• DATA EXTRACT:
BEGIN
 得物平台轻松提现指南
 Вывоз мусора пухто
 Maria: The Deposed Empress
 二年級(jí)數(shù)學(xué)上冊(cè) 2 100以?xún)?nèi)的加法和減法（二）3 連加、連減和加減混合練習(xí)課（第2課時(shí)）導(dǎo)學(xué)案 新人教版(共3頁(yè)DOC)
END
• THE PROBLEM: Starting with the line that contains "Вывоз мусора пухто", return each line through the last one of the data above, exactly as written and nothing more.

• PROBLEM SOLUTION:
 Вывоз мусора пухто
 Maria: The Deposed Empress
 二年級(jí)數(shù)學(xué)上冊(cè) 2 100以?xún)?nèi)的加法和減法（二）3 連加、連減和加減混合練習(xí)課（第2課時(shí)）導(dǎo)學(xué)案 新人教版(共3頁(yè)DOC)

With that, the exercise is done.